Timway () is a web portal and directory primarily serving Hong Kong. Its Timway Hong Kong Search Engine is designed for searching web sites in Hong Kong. It supports web search query in English and Chinese, and indexes web pages in both languages.

The Timway Hong Kong Search Engine was introduced in 1997 by Tim Yu. It was the first directory in Traditional Chinese. It sorted results by popularity and freshness instead of alphabetical order.

Sina.com.hk used Timway in addition to Google for finding HK webpages. Yahoo also cooperate with Timway for the search engine marketing business. According to web traffic analysis company of Alexa, Timway is of the top ten websites in Hong Kong by 2009, ordered by popularity.

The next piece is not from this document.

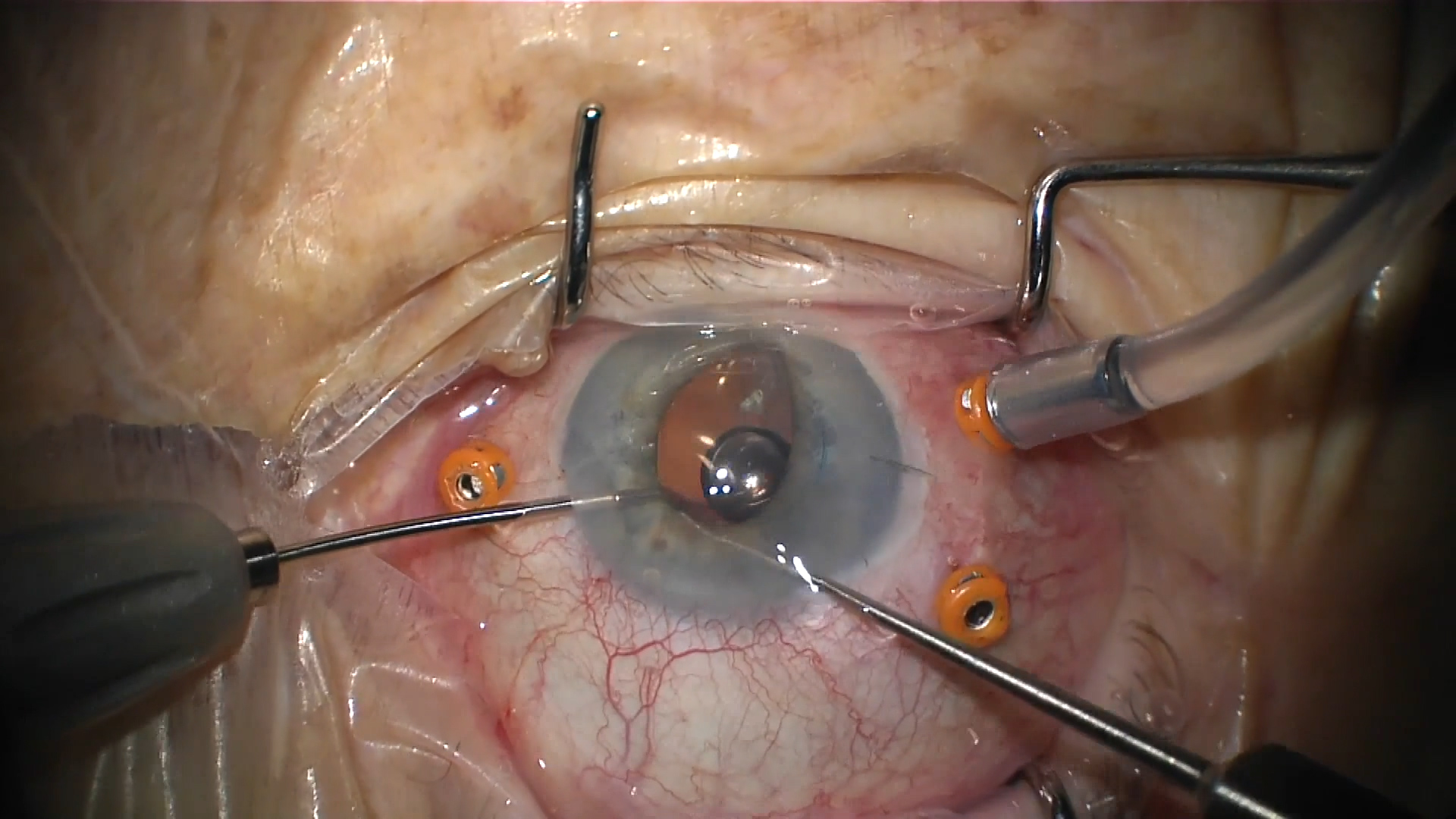 Retained Lens Fragment After Cataract Surgery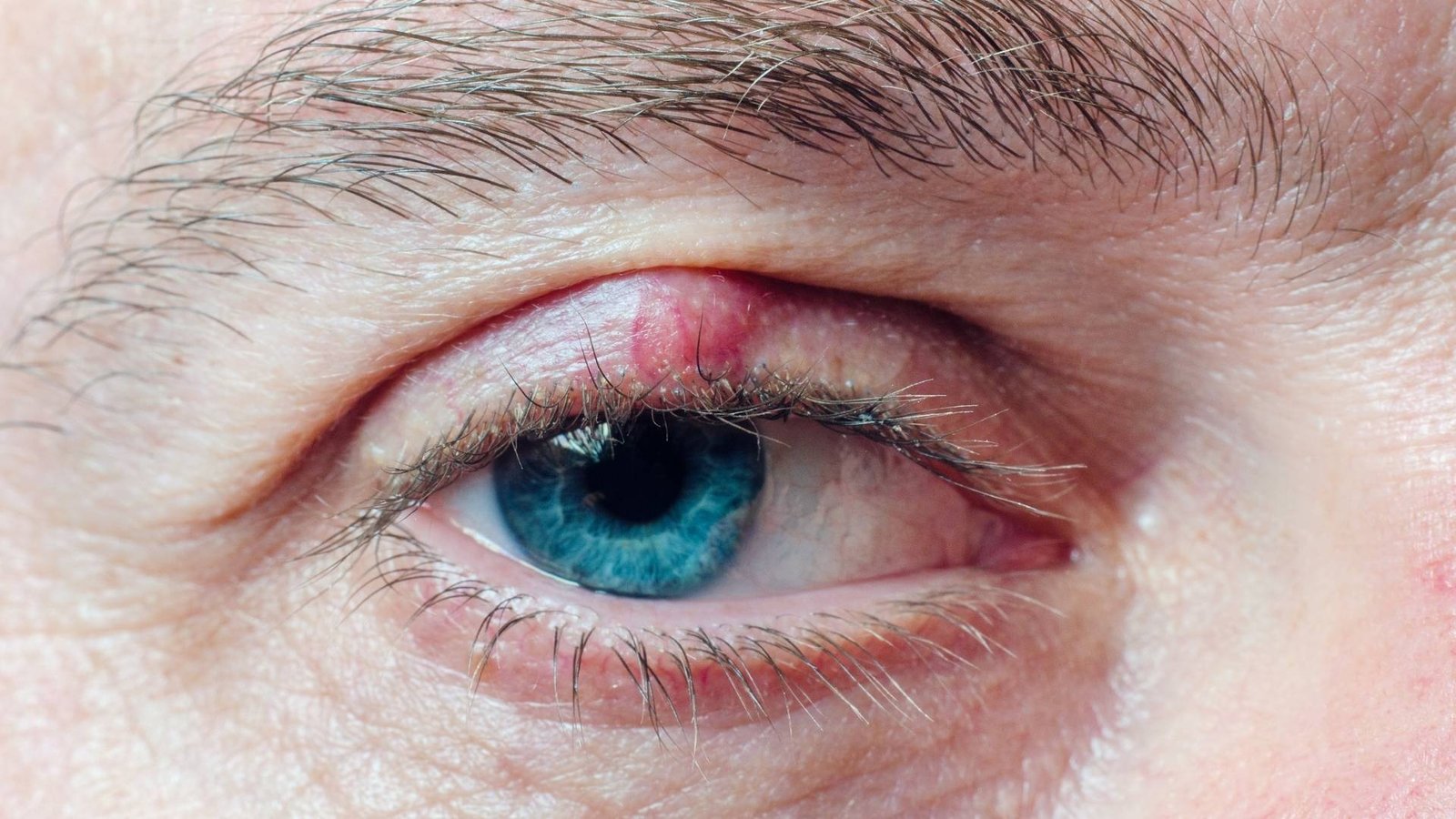 Calázio | Hospital de Olhos Vasconcelos Neto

Timway grew, and now also sells webhosting and other services.

History
The search engine was first created by its founder Tim Yu in July 1997. As an engineer and a remarkably book lover, Yu discovered that a Hong Kong-oriented search engine would be way more effective in processing massive data (in both English AND Chinese) and allow user to get the exact useful information. Seeing the great potential in this area, Yu started a searchable directory in Hong Kong even earlier than Yahoo!HK, which marked a milestone in the developments of HK search portal business.

Milestones:
 Founded in July 1997 by Tim Yu, using a former domain name of hksrch.com.
 Registered as a Hong Kong registered company in February 1998.
 Changed the domain name to timway.com in 1999.
 Education portal was established in 2000.  A wide range of education courses are supplied. The cooperation with tens of education providers makes it an education supermarket, thus finding education courses becomes convenient.
 Starting from 2005, Timway appoints Professor Michael Chau as the senior technology advisor.
 By 2009, Timway is of the top ten websites in Hong Kong according to web traffic analysis company of Alexa, ranked by popularity.
 Timway ran a website called Timway Quiz before.  It made use of the technology of Coldfusion for enhanced interactivity with the users.
 Few academic studies examined user information seeking behavior when using non-English search engine and Timway is one of the few contributed to this.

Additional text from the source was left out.